UNA GESTIONE FALLIMENTARE
I limiti gestionali continuarono a mortificare il potenziale delle monoposto color verde. I vertici della Jaguar investivano poco sulla Formula 1, vista più come un palcoscenico per pubblicizzare il marchio che non come una piattaforma su cui impegnarsi a fondo. Negli ultimi tempi, un pilota che in Jaguar avrebbe potuto andare – David Coulthard – ha affrontato proprio questo tema con parole inequivocabili: “Nel 2004 lasciai la McLaren, così col mio manager ci mettemmo alla ricerca di un nuovo team e parlammo con diverse squadre. Una di queste era la Jaguar, ma io non avevo la minima intenzione di accasarmi là. Dissi al mio manager Martin Brundle che avrei preferito ritirarmi o fare il collaudatore piuttosto che correre per la Jaguar. La loro gestione delle corse non avrebbe mai dato buoni risultati”.
E così fu. Dopo un lustro a girare nel mondo dei GP, l’operazione di marketing voluta dalla Ford per rilanciare il marchio britannico volse al termine. In vista del 2005, il team venne ceduto alla Red Bull, i cui risultati futuri sono ben noti.

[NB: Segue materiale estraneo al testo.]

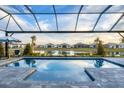 Resort-style pool with covered lanai overlooking lake at 8983 Baroque Ter, Sarasota, FL 34240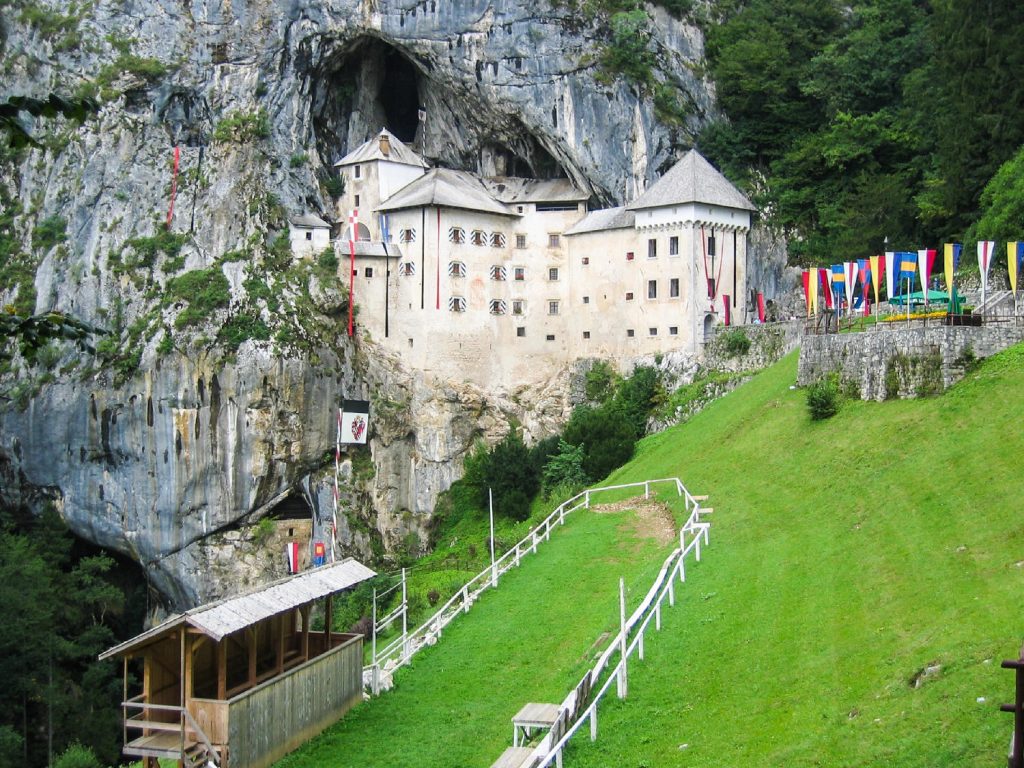Predjama Castle built into a limestone cliff in Slovenia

Quelli della Jaguar, invece, rimarranno alla storia come emblematici di un’operazione condotta con l’approccio sbagliato, e che in cinque campionati ha fruttato la miseria di 49 punti totali, tre settimi posti come migliori piazzamenti finali e due podi di tappa. Davvero poco per uno dei progetti che, insieme a BAR e Prost GP (scuderie più o meno coeve della Jaguar) partiva con ben altri propositi.